WHAT TO WORK ON:
Return all the data below as it stands, minus the pictures.

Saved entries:

=== Begin Enclosure ===

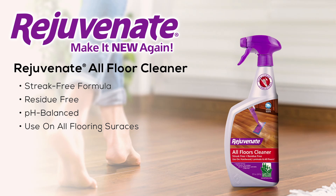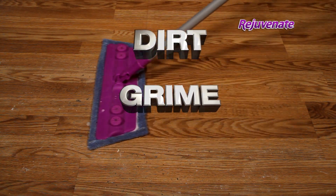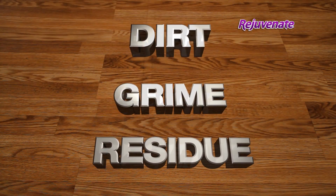Keep that just-clean look for days with Rejuvenate No Bucket Floor Cleaner. It's the only streak-free floor cleaner that removes dirt, grime, and caked-on chemical residue that other cleaners leave behind.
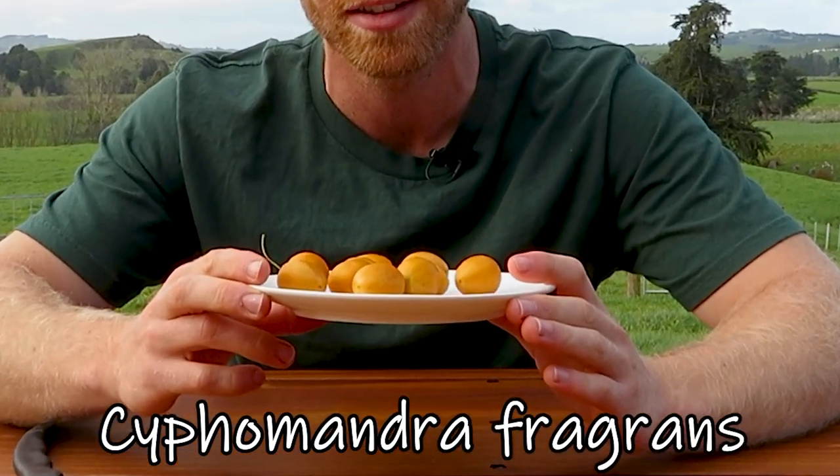Hey guys, how's it going? So today I've got a really cool fruit to share with you all. These are called Cyphomandra Fragrines. They're also known as Guava Tamarillos from what I found online and they're a really cool fruit. I actually only learned about them about a week ago and someone very kindly sent me some of them. So I'm excited to show you guys these and share them with you and also have a go at growing them from seed that we get out of these fruits. We'll get into the growing side of things later on in the video and I'll do a follow-up at the end of the video as well to show you how the plants turned out and if they grew.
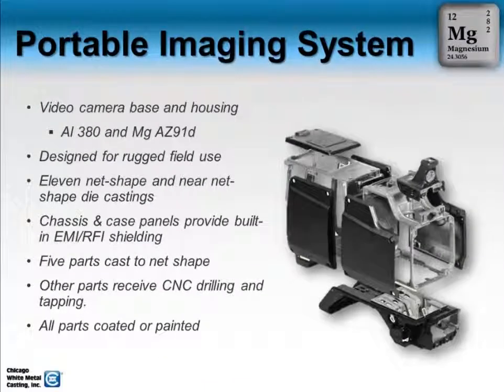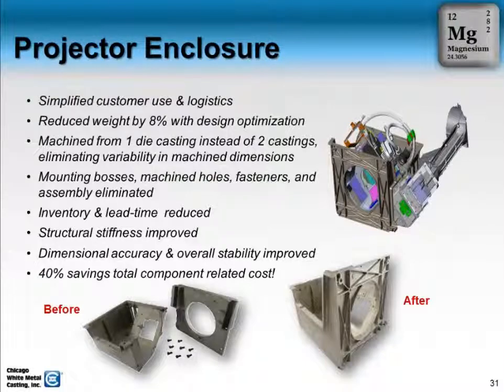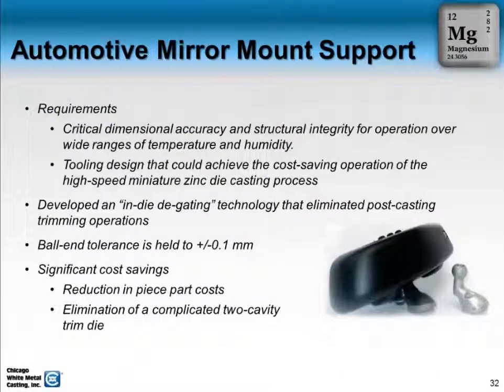A great case study to show the quantity of parts — this is an example of cost savings and efficient use of Magnesium. The part itself is fairly complex, even though it's small.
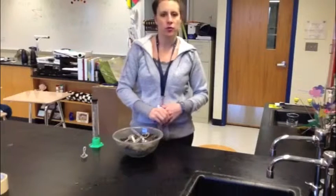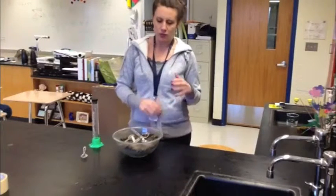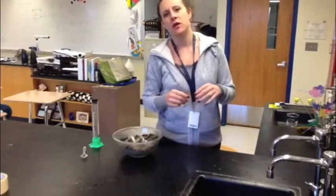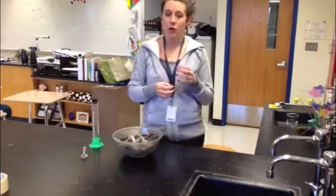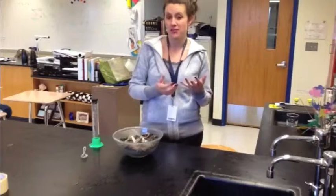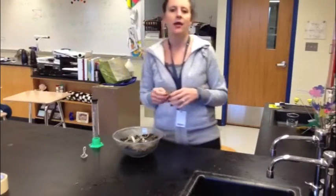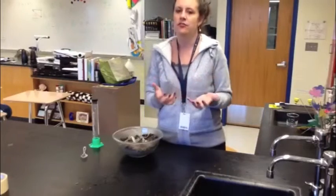This is Station 1 of the Soil Lab, and Station 1 is going to talk about soil texture. Texture actually means what something is made of, how it feels, how it appears, how it looks. For soil texture, what we're actually going to be looking at is what is actually inside of the soil itself.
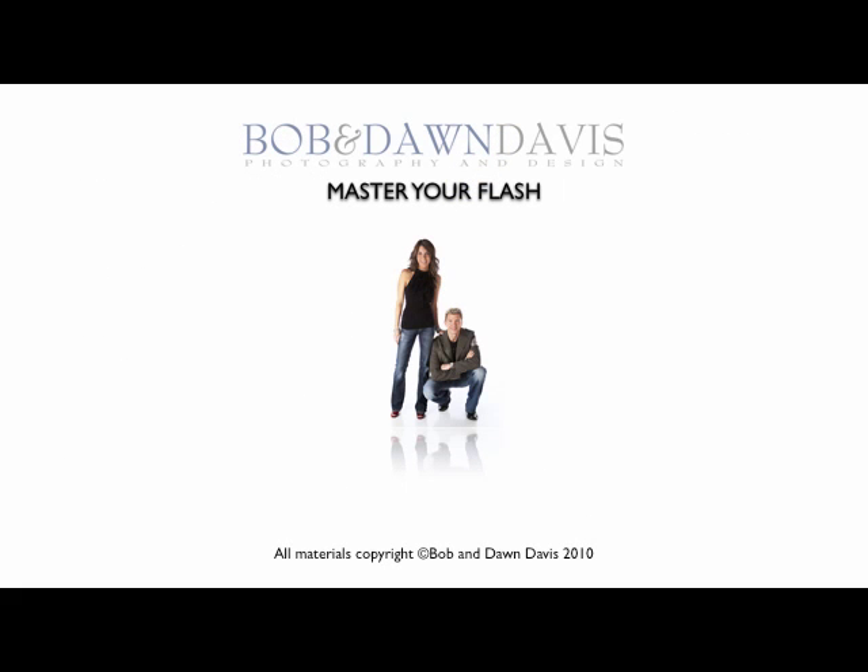Thanks again for stopping by, and stay tuned. We're going to have nice announcements coming up about our book, Lights, Camera, Capture. Shoot us an email with your feedback or anything you'd like to see us light up. Cheers, see you next week.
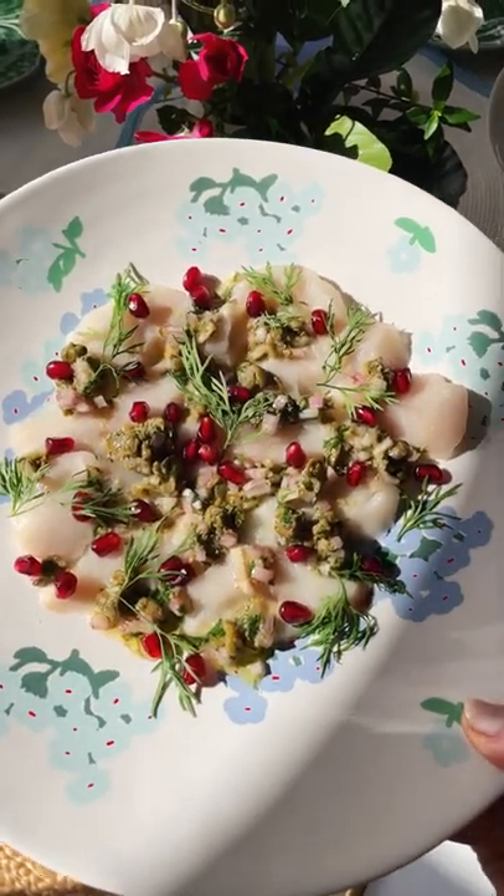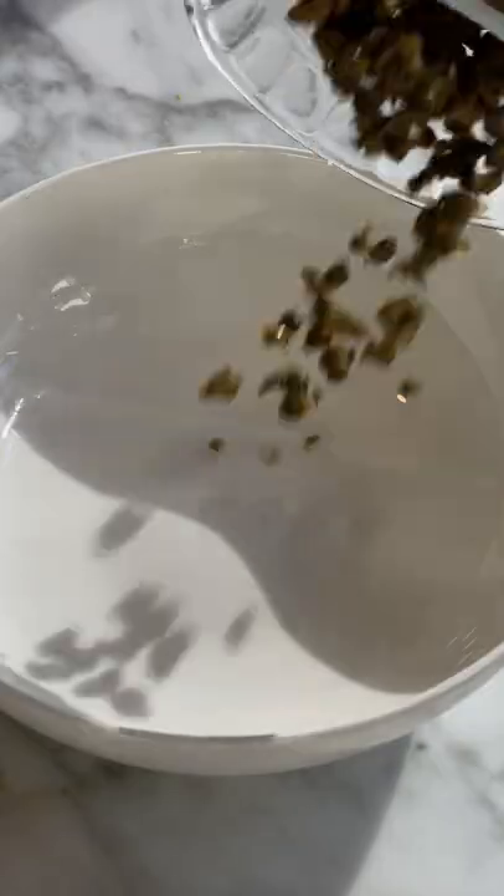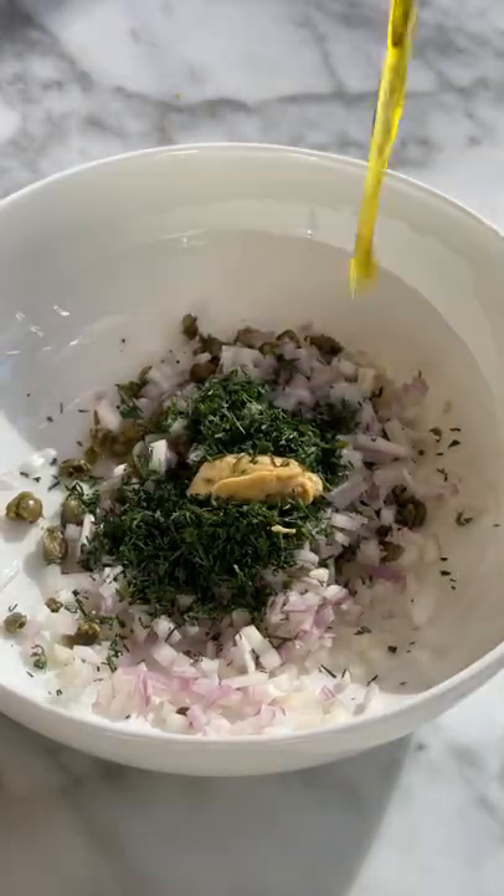Kingfish crudo with a vibrant shallot and caper dressing. Combine shallots, capers, chopped dill, olive oil, vinegar and mustard, season to taste.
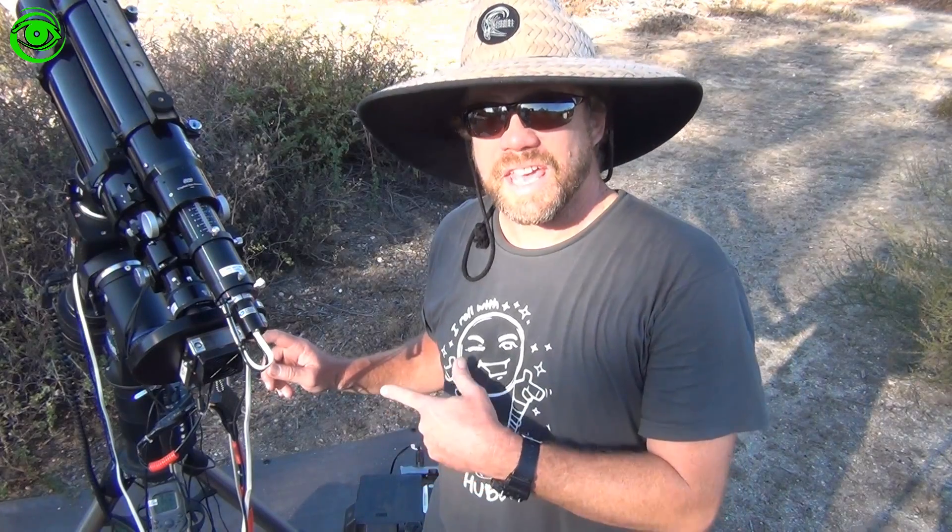Hello, my name is Doug Hubbell and welcome to Astro Photography Tutorials. Today I'm going to talk about the Apogee A8050.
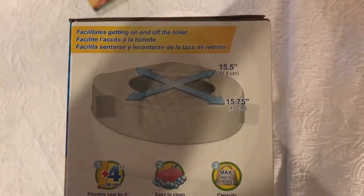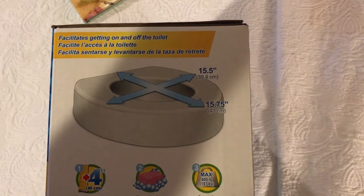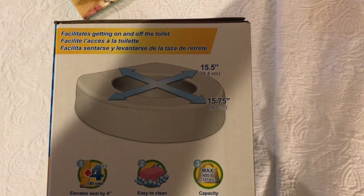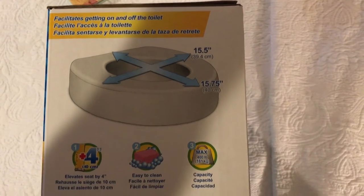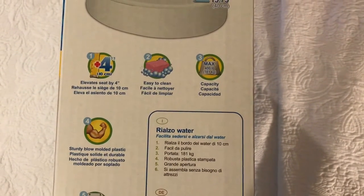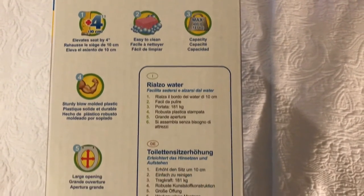Taking a look at the product specifications, we can see that from front to back it is 15.75 inches and across it's 15.5 inches. It's capable of elevating the seat by 4 inches with a 400 pound weight capacity.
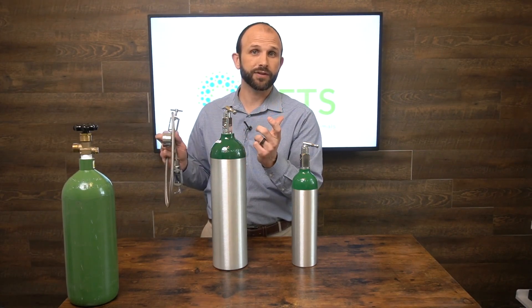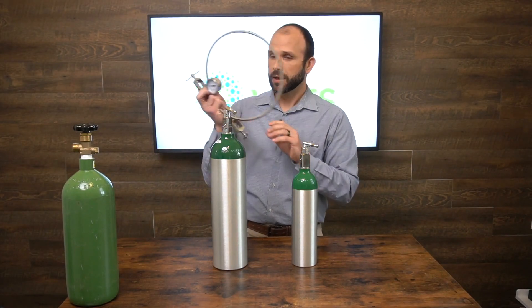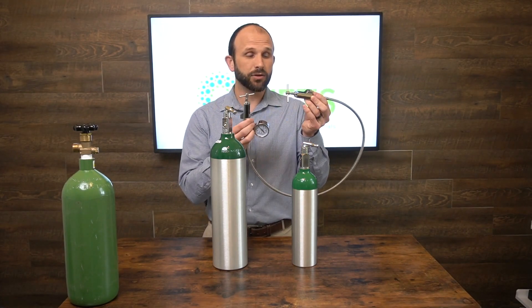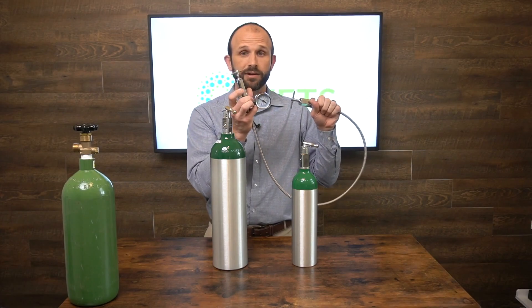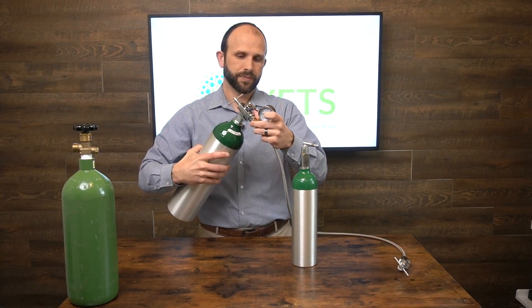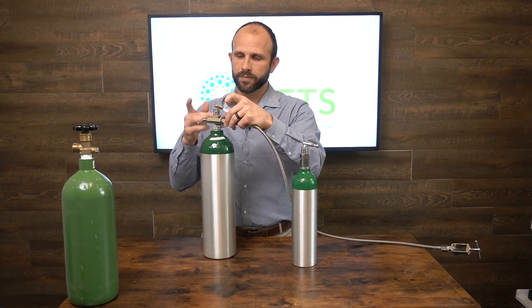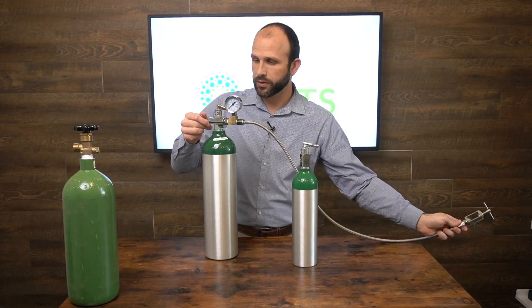If the inverse is true, it will fill from large to small. What we do is take the transfill hose — this is a medical-to-medical — it has a pressure gauge on it so you can see the pressure in the tank on this particular side. I'm going to go ahead and connect this here and use the corkscrew to tighten it down.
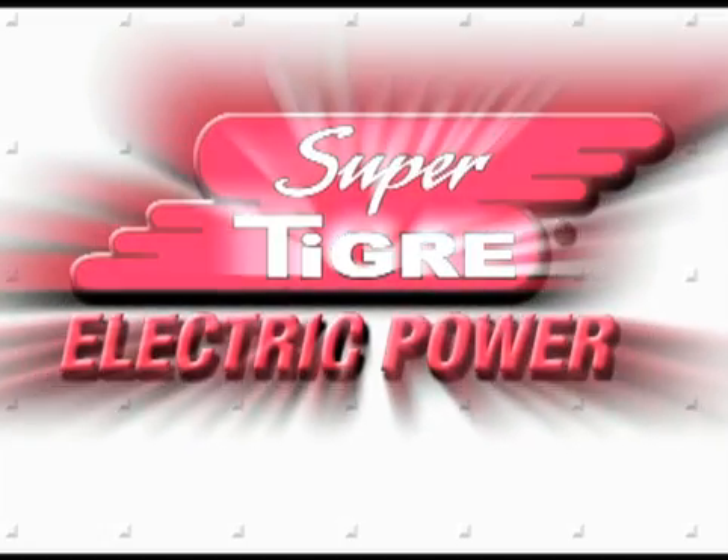For the price and performance you want, turn to a name you know and trust: SuperTiger.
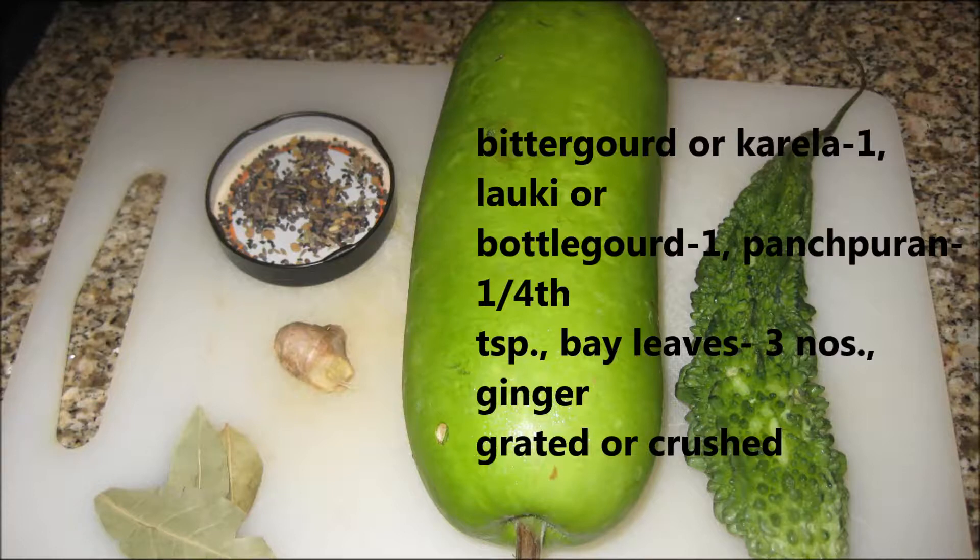To make this healthy summer season moong dal, we need 1 bitter gourd or karela, 1 bottle gourd or lauki, some ginger, 1/4 teaspoon panch phoron or Bengali 5 spices, and 2-3 bay leaves.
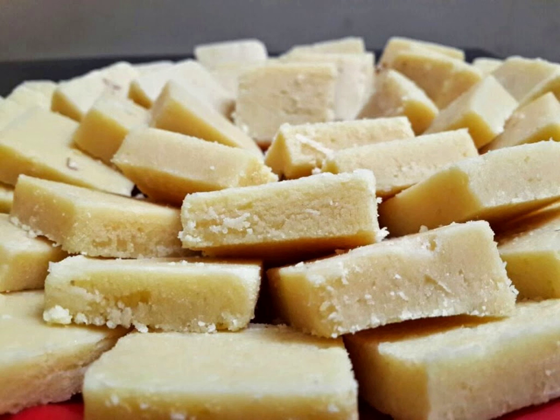A few of the famous varieties of barfi include besan barfi, kaju barfi, pista barfi, and sing barfi. The main ingredients of plain barfis include condensed milk and sugar. The ingredients are cooked in a vessel until the mixture solidifies.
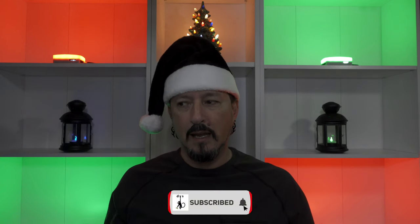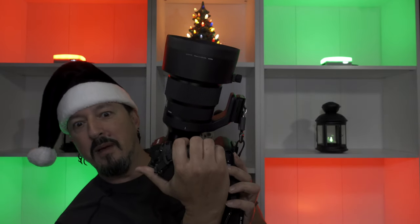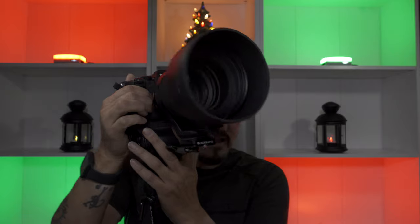Greetings all, it's the TVS Monkey here. What I want to talk about today is a much-requested video about the Sigma 105 f1.4 Art lens. This behemoth. Look at how gigantic that is — it's even bigger than my melon. This thing is gigantic and it's glorious.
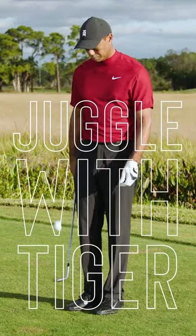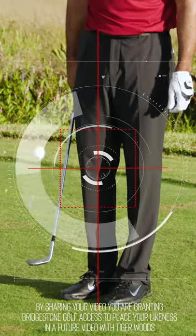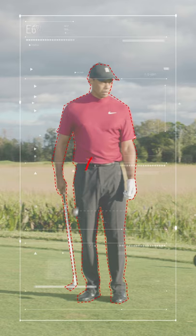Here's your chance to juggle with Tiger. Just line yourself up in the center of your screen and record vertically. Drop your favorite Bridgestone golf ball, give it two or three bounces, and pass the ball out to your right.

=== End Enclosure ===

WRITTEN ANSWER:
Keep that just-clean look for days with Rejuvenate No Bucket Floor Cleaner. It's the only streak-free floor cleaner that removes dirt, grime, and caked-on chemical residue that other cleaners leave behind.
Hey guys, how's it going? So today I've got a really cool fruit to share with you all. These are called Cyphomandra Fragrines. They're also known as Guava Tamarillos from what I found online and they're a really cool fruit. I actually only learned about them about a week ago and someone very kindly sent me some of them. So I'm excited to show you guys these and share them with you and also have a go at growing them from seed that we get out of these fruits. We'll get into the growing side of things later on in the video and I'll do a follow-up at the end of the video as well to show you how the plants turned out and if they grew.
A great case study to show the quantity of parts — this is an example of cost savings and efficient use of Magnesium. The part itself is fairly complex, even though it's small.
This is Station 1 of the Soil Lab, and Station 1 is going to talk about soil texture. Texture actually means what something is made of, how it feels, how it appears, how it looks. For soil texture, what we're actually going to be looking at is what is actually inside of the soil itself.
Thanks again for stopping by, and stay tuned. We're going to have nice announcements coming up about our book, Lights, Camera, Capture. Shoot us an email with your feedback or anything you'd like to see us light up. Cheers, see you next week.
Kingfish crudo with a vibrant shallot and caper dressing. Combine shallots, capers, chopped dill, olive oil, vinegar and mustard, season to taste.
Hello, my name is Doug Hubbell and welcome to Astro Photography Tutorials. Today I'm going to talk about the Apogee A8050.
Taking a look at the product specifications, we can see that from front to back it is 15.75 inches and across it's 15.5 inches. It's capable of elevating the seat by 4 inches with a 400 pound weight capacity.
If the inverse is true, it will fill from large to small. What we do is take the transfill hose — this is a medical-to-medical — it has a pressure gauge on it so you can see the pressure in the tank on this particular side. I'm going to go ahead and connect this here and use the corkscrew to tighten it down.
For the price and performance you want, turn to a name you know and trust: SuperTiger.
To make this healthy summer season moong dal, we need 1 bitter gourd or karela, 1 bottle gourd or lauki, some ginger, 1/4 teaspoon panch phoron or Bengali 5 spices, and 2-3 bay leaves.
A few of the famous varieties of barfi include besan barfi, kaju barfi, pista barfi, and sing barfi. The main ingredients of plain barfis include condensed milk and sugar. The ingredients are cooked in a vessel until the mixture solidifies.
Greetings all, it's the TVS Monkey here. What I want to talk about today is a much-requested video about the Sigma 105 f1.4 Art lens. This behemoth. Look at how gigantic that is — it's even bigger than my melon. This thing is gigantic and it's glorious.
Here's your chance to juggle with Tiger. Just line yourself up in the center of your screen and record vertically. Drop your favorite Bridgestone golf ball, give it two or three bounces, and pass the ball out to your right.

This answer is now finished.